À 77 ans et après 45 ans de carrière, Leonard Cohen s'est enfin senti «autorisé à chanter le blues» sur Old Ideas, son premier album de chansons originales en huit ans, auquel le poète canadien envisage déjà une suite.

Frêle et élégant en costume et trilby noirs, le chanteur est venu présenter en avant-première à la presse française et internationale à Paris.

Old Ideas est un recueil de dix chansons inédites, sur lequel Leonard Cohen renoue avec un style musical plus dépouillé que celui de son dernier essai Dear Heather, publié en 2004.

Certains titres, habillés de banjos et de guitares, ont une coloration nettement blues et rappellent que Leonard Cohen avait tenté de s'établir à Nashville lorsqu'il croisa la scène folk de Greenwich Village à ses débuts.

«J'ai toujours aimé le blues, sa construction musicale.
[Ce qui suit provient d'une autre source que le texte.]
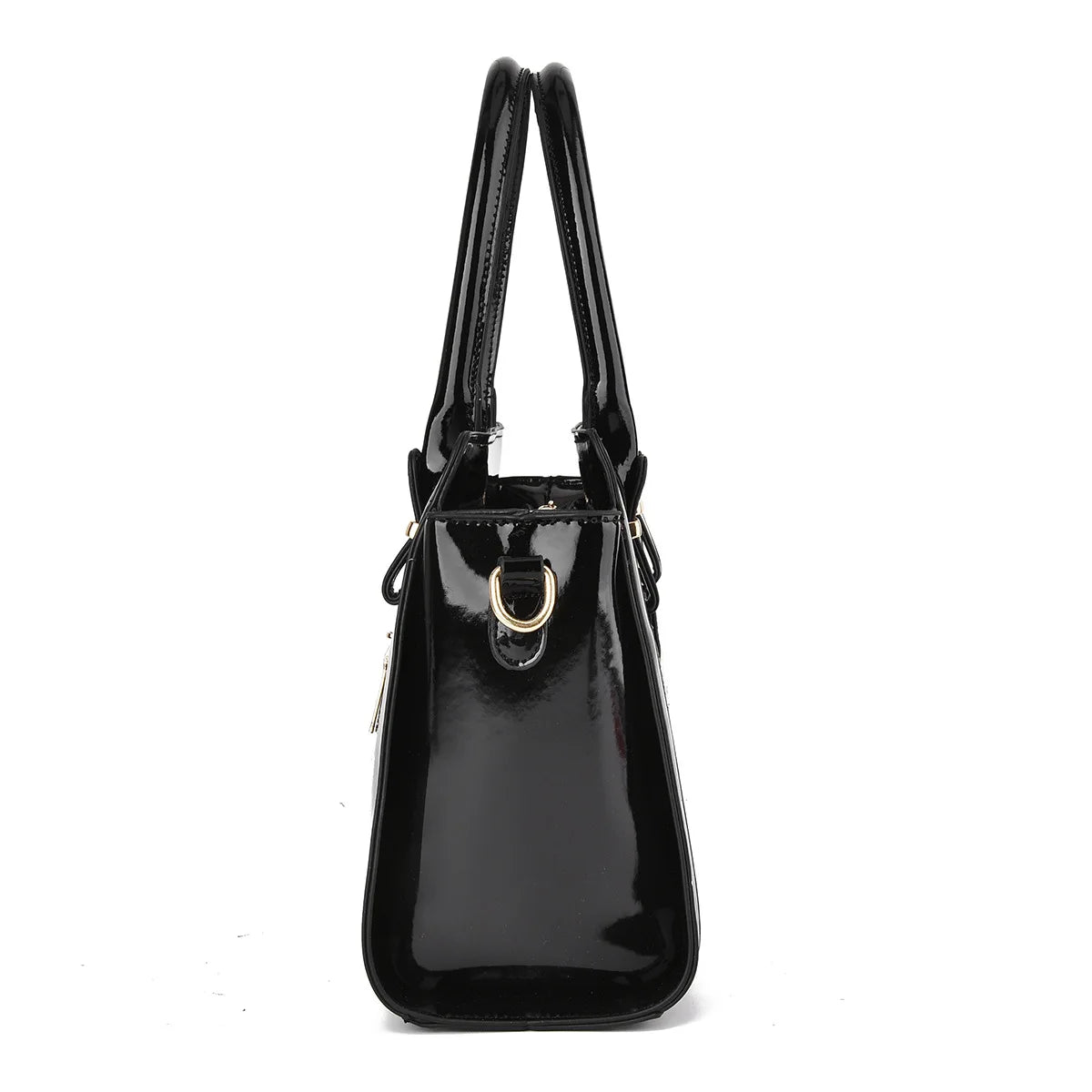 2024 New 2-piece Women's Premium PU Handbag Wholesale Leather Women's Stone Pressed Alligator Skin logo Shoulder Tote Bag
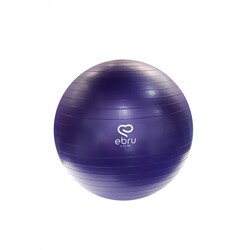 Ebruli - Ebru Pilates Topu 65 Cm - Mor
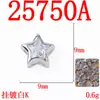 Accesorios para el cabello de moda diadema decoración de sombrero material cobre micro incrustación circonita amor gota de agua estrella de cinco puntas redondo accesorios de joyería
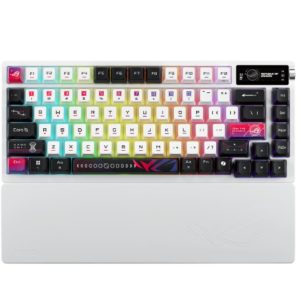 ASUS ROG AZOTH X SNOW SWITCH ROG NX V2 Mechanical Switches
Mais j'ai toujours eu l'impression que je n'avais pas le droit de le chanter», raconte le poète de sa voix de baryton.

«Mais en quelque sorte, ce droit m'a été octroyé, je ne sais par quelles autorités. J'ai senti que j'étais autorisé à utiliser cette forme et beaucoup de chansons me sont venues de cette façon. Maintenant, j'ai la permission de chanter le blues», dit-il.

Leonard Cohen évoque sur Old Ideas les thèmes qui lui sont chers: la spiritualité, l'amour, la sexualité, le temps qui passe, la mort.

Pourtant le musicien était «plutôt de bonne humeur» quand il a écrit ces chansons, dont certaines remontent à 2007.

Si Leonard Cohen a longtemps souffert de dépression, «celle-ci s'est lentement dissoute et n'est plus revenue avec la même férocité que ce qui avait prévalu pendant la plus grande partie de (sa) vie». «Elle n'est plus là et j'espère qu'elle ne reviendra plus», confie-t-il.

Mais, estime-t-il, «comme le tofu, une chanson prend le goût de la sauce émotionnelle que vous y mettez. Si quelqu'un a besoin qu'on s'adresse à sa propre souffrance, il trouvera cette composante dans une chanson».

La gravité des thèmes abordés dans les chansons d'Old Ideas est d'ailleurs souvent contrebalancée par l'humour et l'autodérision dont fait preuve leur auteur.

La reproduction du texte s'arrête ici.